1. Sketch the graph of \(y = \sec \theta\) for \(0 \leqslant \theta \leqslant 2 \pi\).
2. Solve \(\sec \theta = \operatorname { cosec } \theta\) for \(0 \leqslant \theta \leqslant 2 \pi\).

10

1. Prove that \(\cot \theta + \frac { \sin \theta } { 1 + \cos \theta } = \operatorname { cosec } \theta\).
2. Hence solve the equation \(\cot \left( \theta + \frac { \pi } { 4 } \right) + \frac { \sin \left( \theta + \frac { \pi } { 4 } \right) } { 1 + \cos \left( \theta + \frac { \pi } { 4 } \right) } = \frac { 5 } { 2 }\) for \(0 \leqslant \theta \leqslant 2 \pi\).

a) Given that \(\alpha\) and \(\beta\) are two angles such that \(\tan \alpha = 2 \cot \beta\), show that $$\tan ( \alpha + \beta ) = - ( \tan \alpha + \tan \beta )$$ b) Find all values of \(\theta\) in the range \(0 ^ { \circ } \leqslant \theta \leqslant 360 ^ { \circ }\) satisfying the equation $$4 \tan \theta = 3 \sec ^ { 2 } \theta - 7$$

Solve the equation $$6 \sec ^ { 2 } x - 8 = \tan x$$ for \(0 ^ { \circ } \leqslant x \leqslant 360 ^ { \circ }\).

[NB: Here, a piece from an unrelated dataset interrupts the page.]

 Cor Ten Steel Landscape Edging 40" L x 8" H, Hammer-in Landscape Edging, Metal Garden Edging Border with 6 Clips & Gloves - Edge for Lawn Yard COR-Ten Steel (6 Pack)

1. By differentiating \(\frac{\cos x}{\sin x}\), show that if \(y = \cot x\) then \(\frac{dy}{dx} = -\cosec^2 x\). [3]
2. Hence show that \(\int_{\frac{\pi}{6}}^{\frac{\pi}{2}} \cosec^2 x \, dx = \sqrt{3}\). [2]

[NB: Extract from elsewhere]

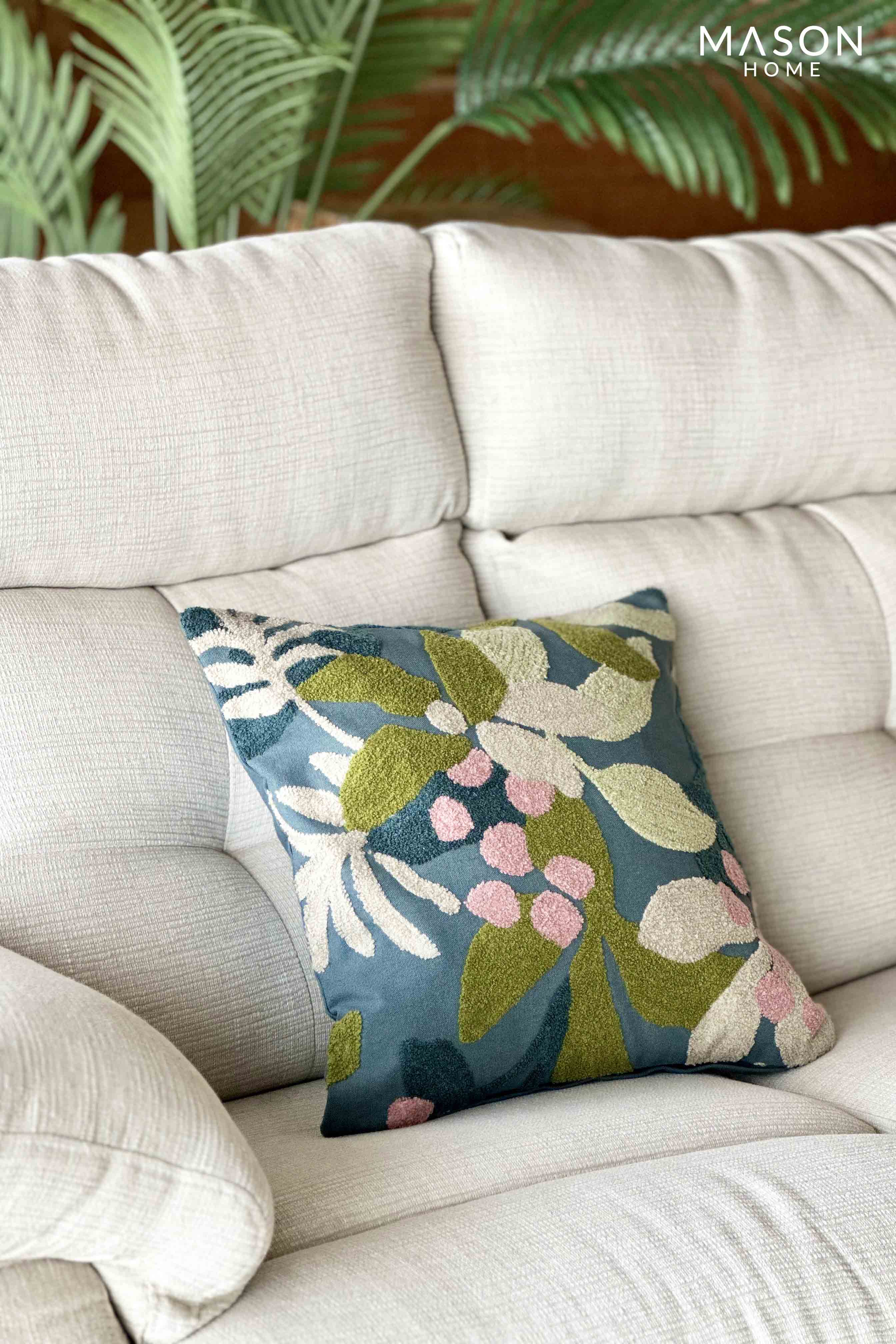 Colour Crush Floral Cushion Cover - Slate Blue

By using appropriate trigonometrical identities, find the exact value of

1. \(\int_{\frac{\pi}{6}}^{\frac{\pi}{2}} \cot^2 x \, dx\), [3]
2. \(\int_{\frac{\pi}{6}}^{\frac{\pi}{2}} \frac{1}{1 - \cos 2x} \, dx\). [3]

Solve the equation \(\sec^2 \theta = 3 \cosec \theta\) for \(0° < \theta < 180°\). [5]